- Records shown
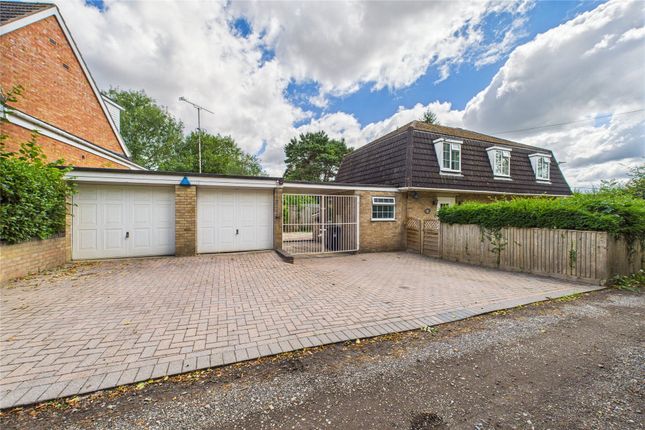 Barkham Road, Wokingham, Berkshire, RG41 4 bed detached house for sale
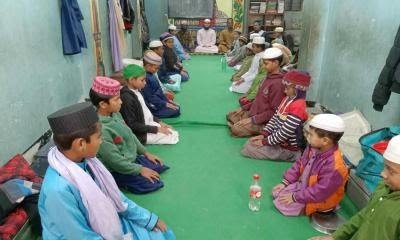বরিশালে শীতে কাঁপছে এতিমখানার শিশুরা
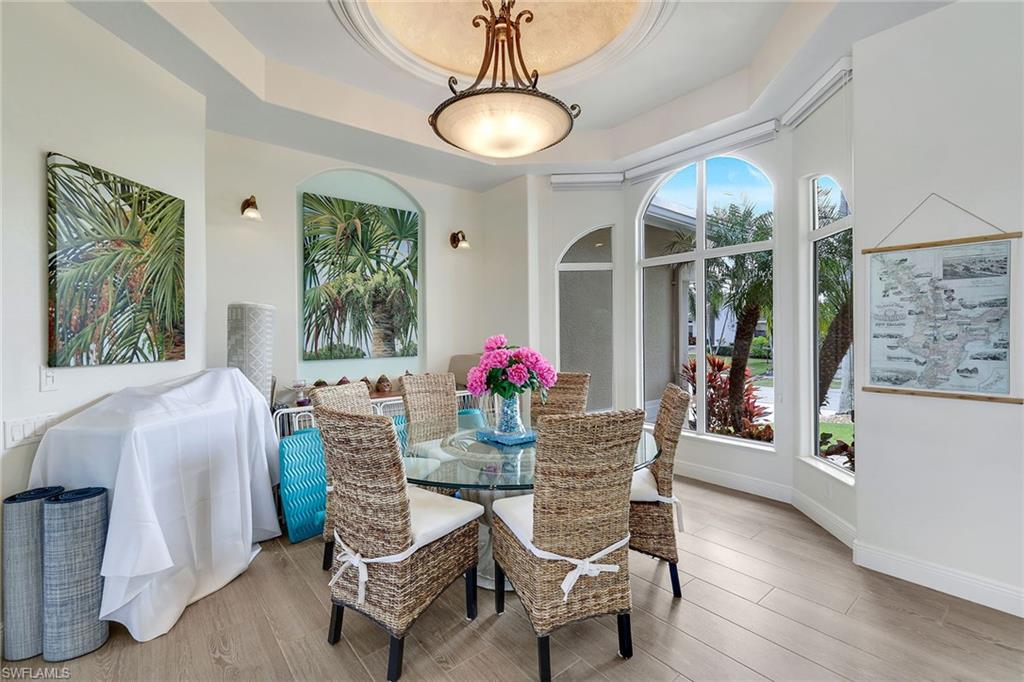 MARCO BEACH - Residential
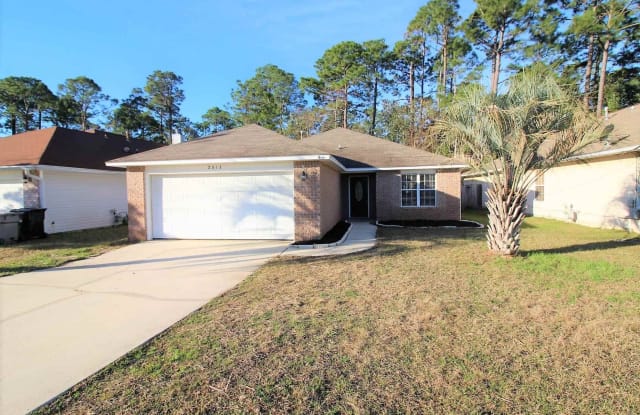 2517 Gulf Breeze Ave - 2517 Gulf Breeze Avenue, Warrington, FL 32507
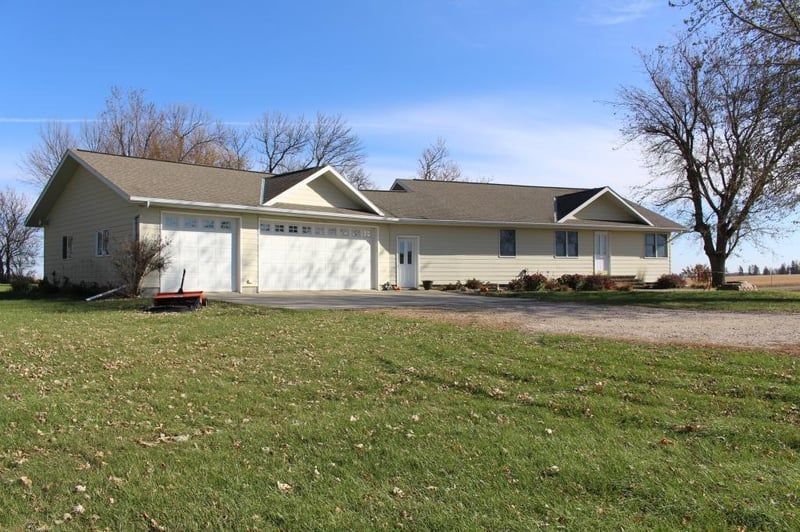 29619 Hesselroth Ave, Rushmore, MN 56168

- Problem description
Output the data above verbatim, pictures excluded.

- Completed task
 Barkham Road, Wokingham, Berkshire, RG41 4 bed detached house for sale
বরিশালে শীতে কাঁপছে এতিমখানার শিশুরা
 MARCO BEACH - Residential
 2517 Gulf Breeze Ave - 2517 Gulf Breeze Avenue, Warrington, FL 32507
 29619 Hesselroth Ave, Rushmore, MN 56168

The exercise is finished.